David makes frequent visits to campus to meet the students who have received funds as a result of his generosity and has been able to tell recipients in person that their experiences around the globe and outside the classroom underscore his and his wife’s goal for the fund. “As a writer, I always want to get outside of my comfort zone because if I don’t, then my writing is going to grow stale and uniform and formulaic and nobody’s going to be inspired by it,” he said. “Sometimes, as students, you get into these routines where you go to class and you study material and you take your tests and you move on. It’s a narrow box.
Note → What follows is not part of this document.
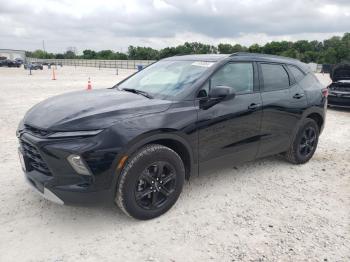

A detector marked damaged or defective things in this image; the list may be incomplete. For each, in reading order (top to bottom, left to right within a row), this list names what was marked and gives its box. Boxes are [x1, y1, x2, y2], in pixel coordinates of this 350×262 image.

So we wanted to give an opportunity to get outside of that narrow box and go to a place that maybe you never thought you’d be able to go and meet people you never thought you’d have an opportunity to meet.”
Impact
In 2017, the Baldaccis’ gift created the Baldacci Student Experiential Learning Fund, which provides grants of $1,000 to $5,000 to academically promising VCU students from diverse areas of study and backgrounds to allow them to pursue internships, conferences, research, domestic or international study abroad, and social entrepreneurship opportunities. “When my wife and I were talking with the university about what we wanted to do, we sat down and talked about: What would we have liked to have had the opportunity to do when we were students? For me, and I think for my wife as well, it was something outside of the curriculum, some experience that you otherwise wouldn’t have had the opportunity to pursue.”
The Baldaccis’ gift also led to the creation of the Baldacci Political Science Endowed Scholarship, which was the first such scholarship for the Department of Political Science and is one of the largest in the College of Humanities and Sciences.